Kälte für Fertigung und Klimatisierung
Zudem liefere das Kraftwerk im Industriepark Weinheim etwa 22 Mio. kWh Kälte jährlich. Zur Verteilung wird ein Kaltwassernetz mit einer Vorlauftemperatur von 8°C und einer Rücklauftemperatur von etwa 12°C betrieben. Die Kälteleistung wird hauptsächlich gebraucht, um Produktionsanlagen zu kühlen vorwiegend für anspruchsvolle Prozesse unter genau definierten klimatischen Bedingungen aber auch zur Klimatisierung von Büroräumen. Die Kälteerzeugung erfolgte bislang über zwei Absorptions- und zwei Kompressionskältemaschinen und bei niedrigen Außentemperaturen mittels freier Kühlung über Kühltürme.

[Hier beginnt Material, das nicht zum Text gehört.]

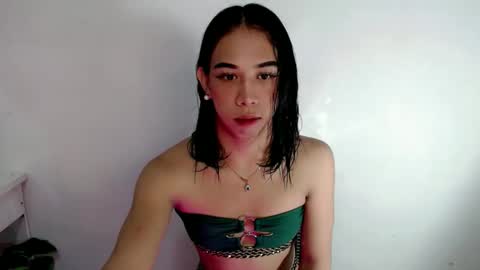 Snapshot of sweetgirl_acxx chatting on 05.17.26 Just call me AC online show from 05.17.26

Mit der Installation der vier neuen Kühltürme und einer zusätzlichen Kompressionskältemaschine steigerte die Freudenberg Service KG die Leistungsfähigkeit der Kältezentrale auf knapp 11 MW.
Effizienzsteigerung bei den Kühltürmen
Die neuen Verdunstungskühltürme aus glasfaserverstärktem Kunststoff weisen jeweils eine Grundfläche von 6 x 6 m aus und sind 6,70 m hoch. Jeder Turm kühle 540 m³ Wasser pro Stunde bei einer Wärmeleistung von 5 MW. Die Lieferung erfolgte über RCS Richter Consultancy & Service in Bochum.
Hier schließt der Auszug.